程延序实在不好意思说实情,干脆把话头扔回去:“您……找啥事儿啊?”
“嗐!”老张一把拽住他胳膊,把他身子扳了个方向,“看!那是啥?”
水泡过的电摩?咋看着这么眼熟……
程延序凑上前,围着它转了两圈,这,不就是老太太那辆吗?
“宁书这小子!咋就把车丢路边了呢?”老张心疼得直咧嘴,“多好的车……”
“老张,你推走吧。”老太太跟出门来,“瞅这架势,他是不打算要了。”
“哎哟!那可太好了!”老张立刻跨上去,湿掉的裤衩也顾不上了,钥匙一拧就冲了出去,“回见啊您!”
这一套行云流水的动作,把程延序直接看傻眼了。
好家伙,这是怕老太太反悔啊,可孟宁书为啥把车扔了,老太太咋就笃定他不要了,他脑子里的问号噼里啪啦直往外蹦。
“奶奶,这咋回事?”程延序忍不住问。
“那臭小子啊,”老太太摇摇头,“但凡超过一天没往回找的东西……”
她顿了顿,“就再也入不了他的眼咯。”
程延序瞬间全明白了,孟宁书是骑车出去的,估计后边雨下太大骑不动了,又担心他出事,才把车撂在路边,自己跑回来的。
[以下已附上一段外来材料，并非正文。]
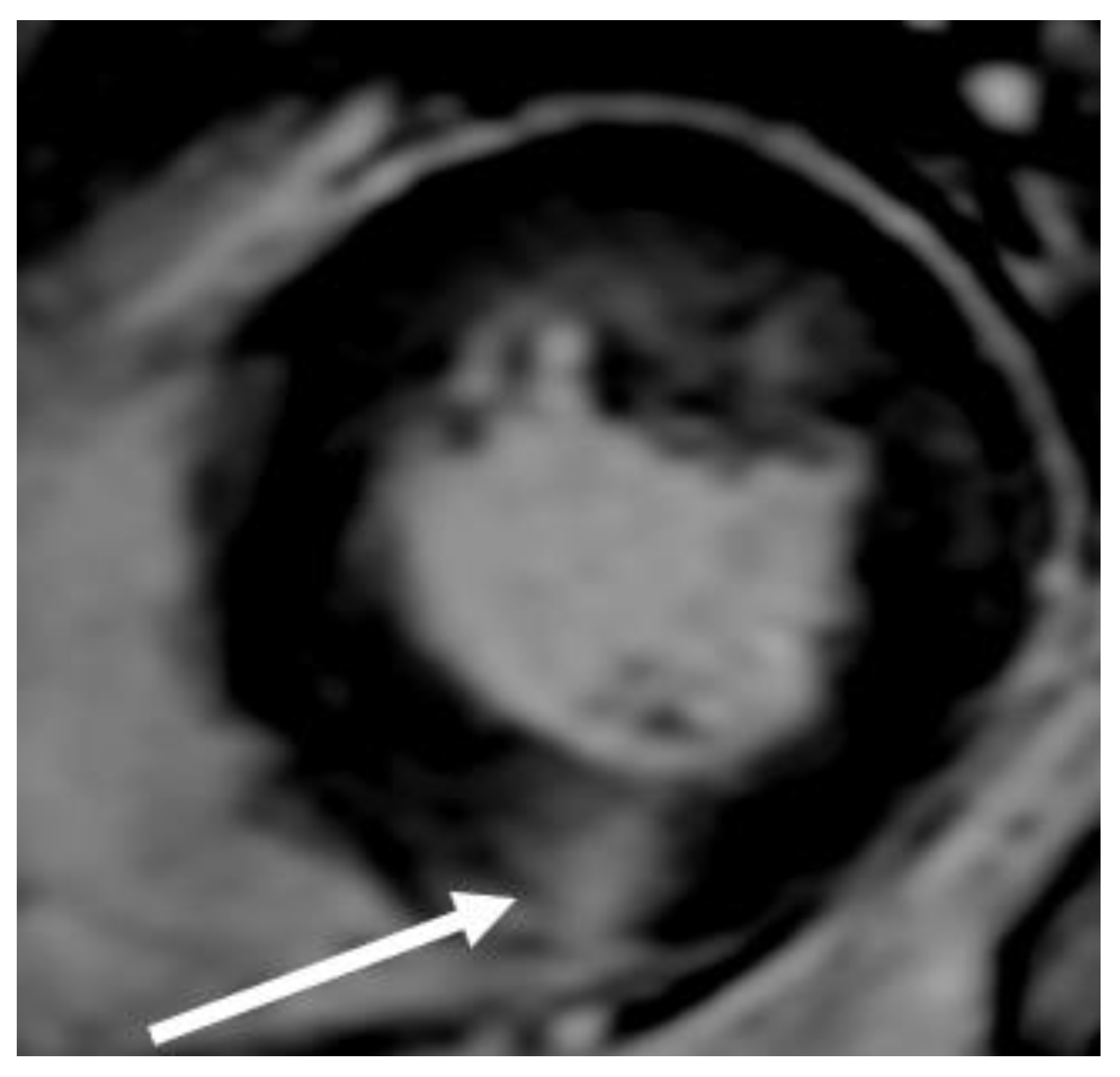 Cardiogenetics 13 00008 g012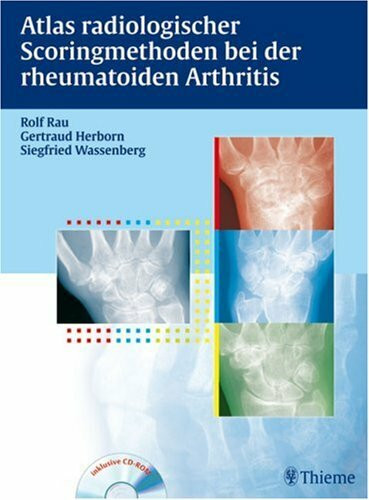 Atlas der Scoringmethoden bei der rheumatoiden Arthritis: Inkl. CD-ROM mit Buch als pdf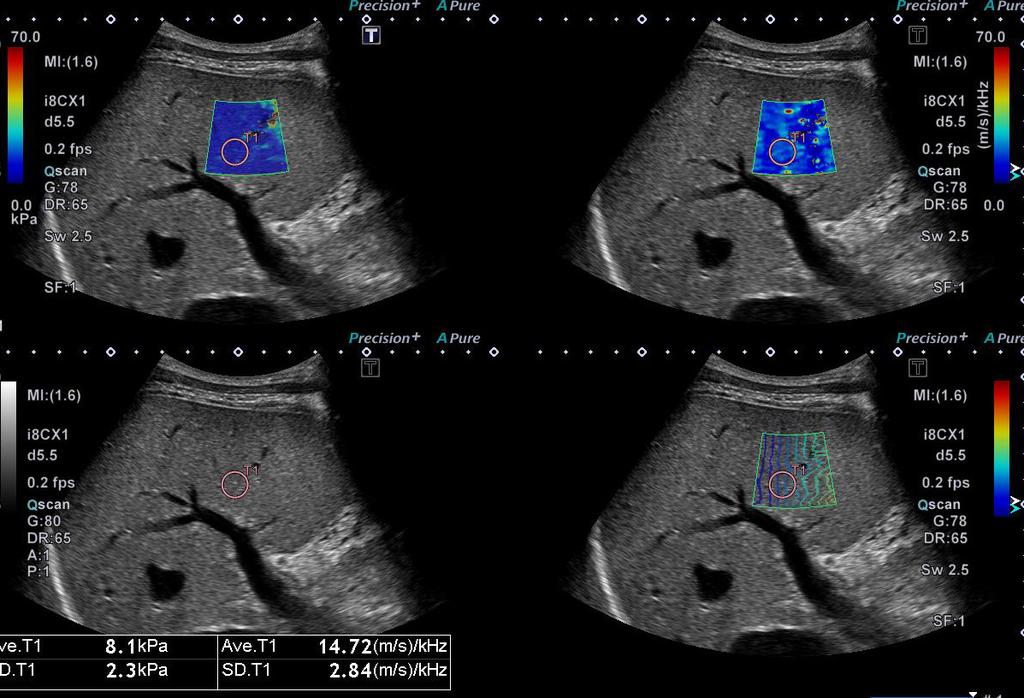 Preliminary clinical experience with Shear Wave Dispersion Imaging for liver viscosity Dr.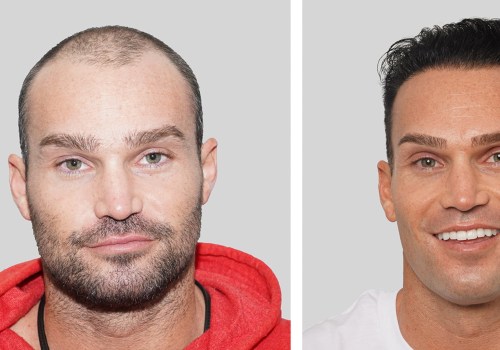 Does hair restoration actually work?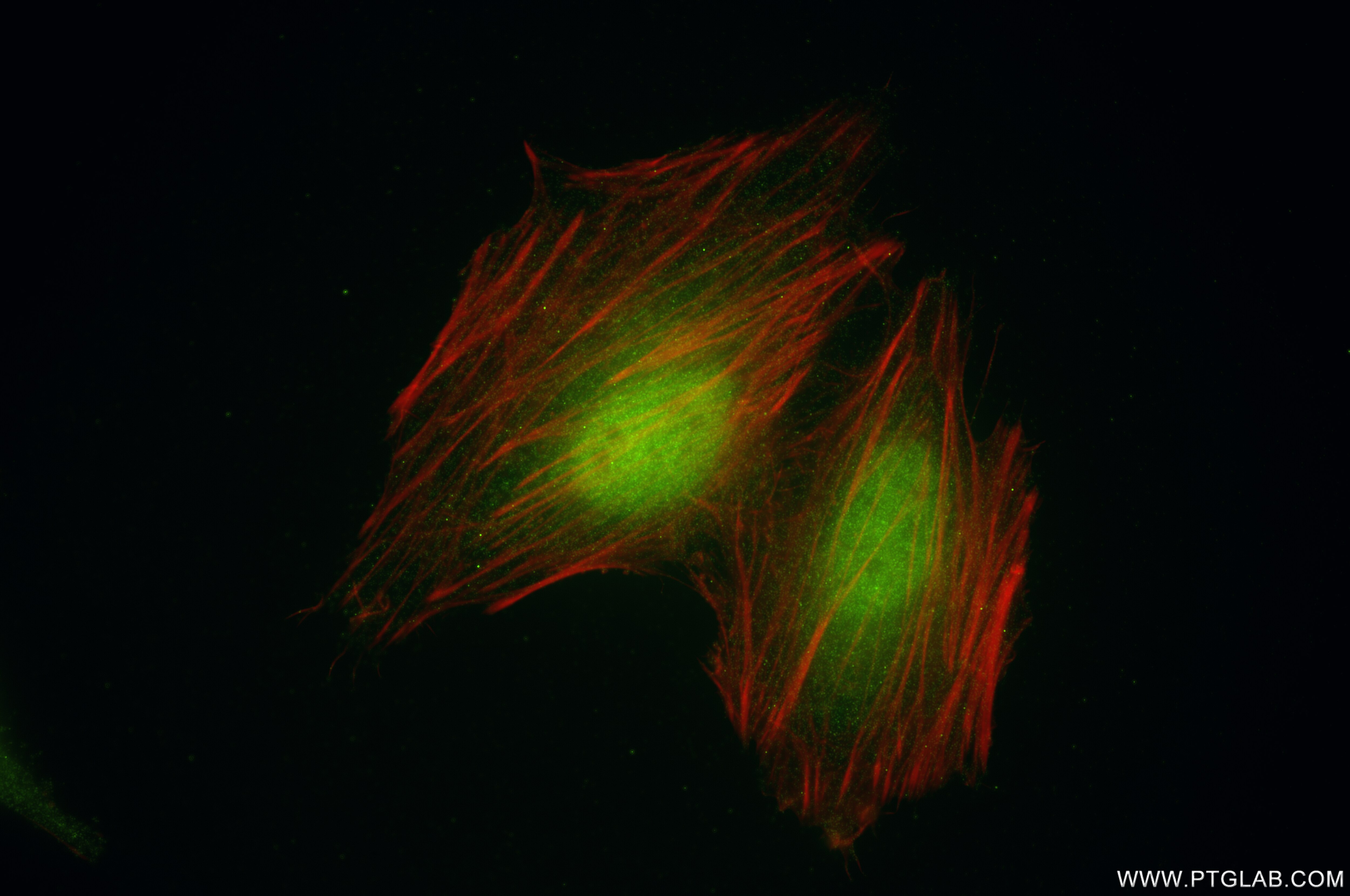 Immunofluorescence (IF) / fluorescent staining of HeLa cells using UBE4B Recombinant antibody (85332-2-RR)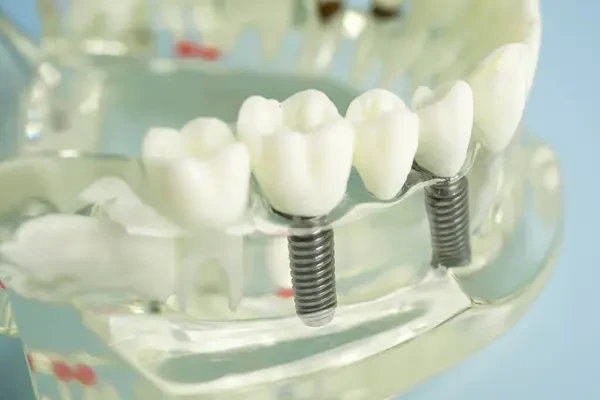 Clear dental model showing an implant-supported bridge resting on two titanium implant screws.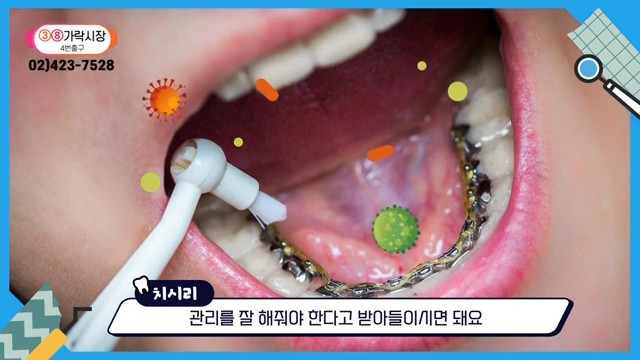 Do Braces Weaken Your Gums? A Fact Check by a Sinlim Dental Clinic image 16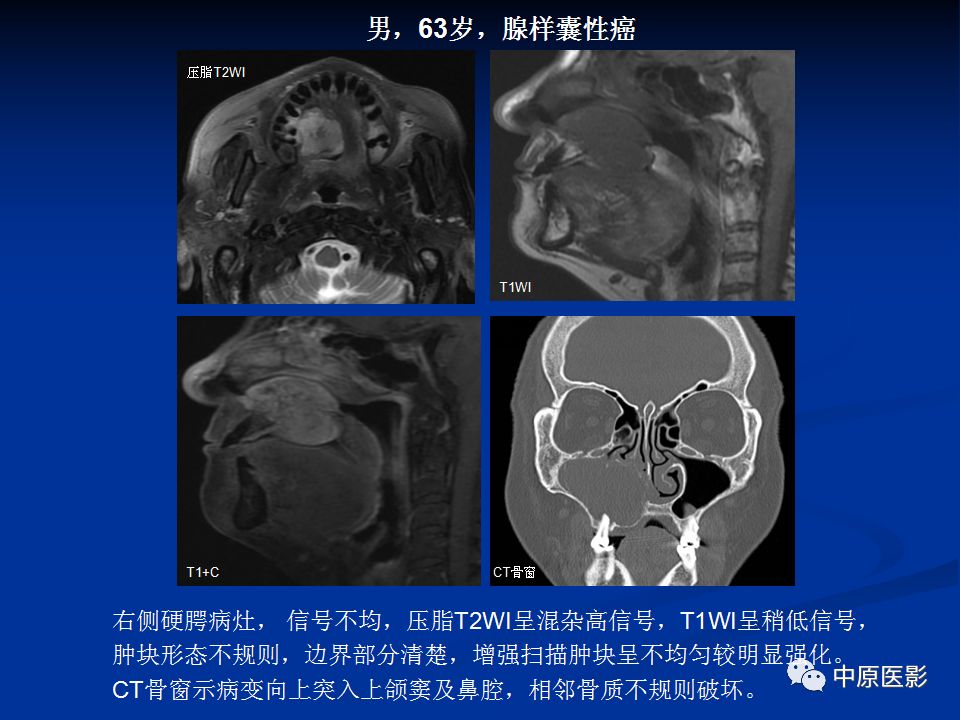影像PPT - 【PPT】腭部常见肿瘤的影像诊断-25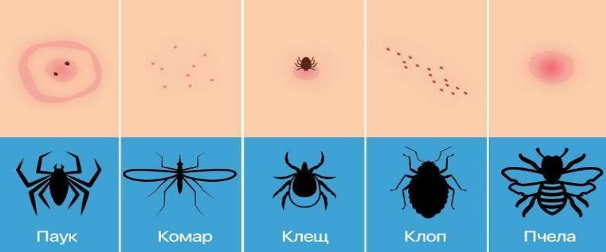 сравнительное фото-коллаж – укус комара / укус блохи / укус клопа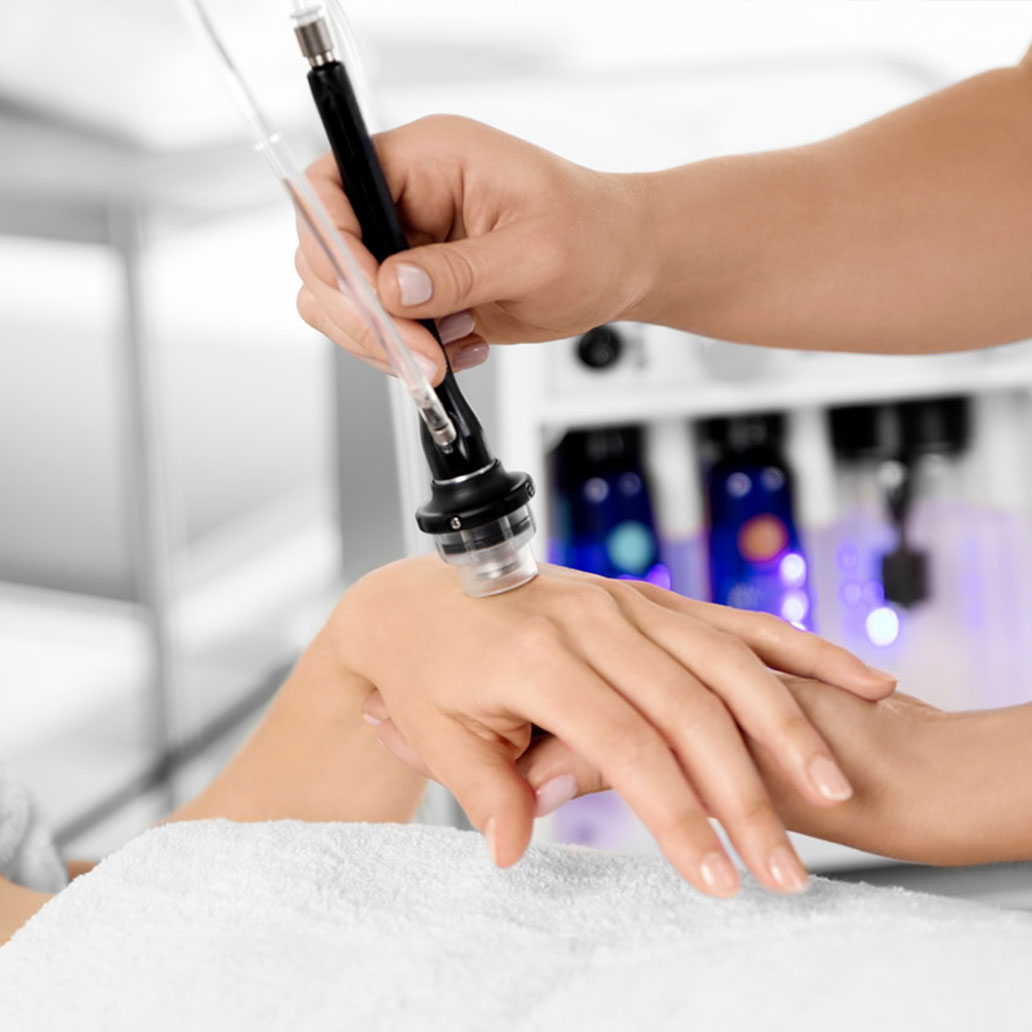 Perfect Derma Peel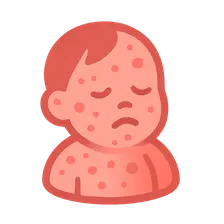 Late-onset sepsis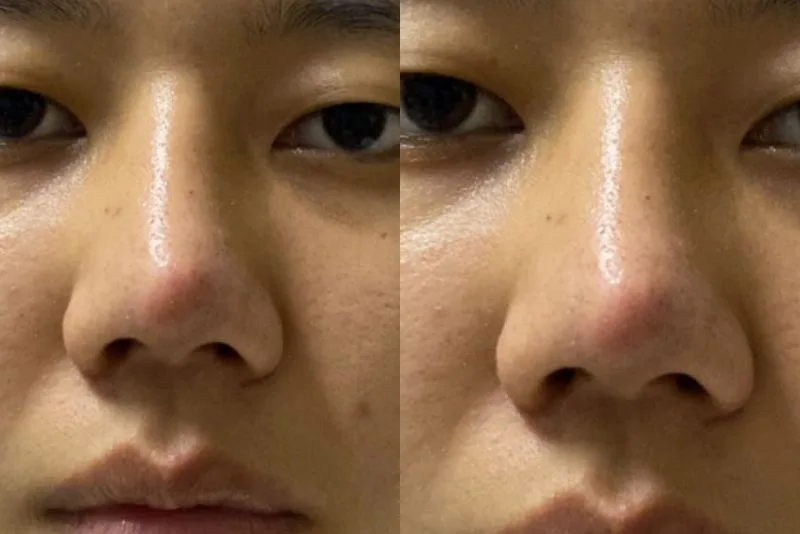 Crooked nose due to cartilage displacement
他盯着老张消失的路口久久不能回神,心里那股酸劲儿直冲上来,呛得他嗓子眼儿发疼,鼻子也跟着胀起来。
“进屋,进屋。”老太太推搡了他一把。
“好。”程延序闷闷地应了声,这才勉强挪动脚步。
程延序踮着脚走上楼,一抬眼,孟宁书睡得正沉。被子早给踹地上了,衣服也掀起来,肚皮露在外面,两条腿还大大咧咧架在沙发扶手上。
这睡相……挺豪放的。
他悄悄挪过去,捡起地上的毯子,灰扑扑的,可不能往他身上盖。
程延序转身回屋,翻出件自己没上过身的t恤,走回来轻轻搭在他肚子上。
“踹被子就算了,衣服也掀开……”程延序把风扇拧小一档,低声念叨,“回头闹肚子可别怨人。”
孟宁书腿咚地砸在沙发上,重重翻了个身。
程延序蹲在他旁边,瞅着他后背,低低笑了一声,手指头忽然在他背上轻轻戳了下,太瘦了,骨头硌得慌。
“啧!”孟宁书迷迷糊糊地一巴掌拍开他的手。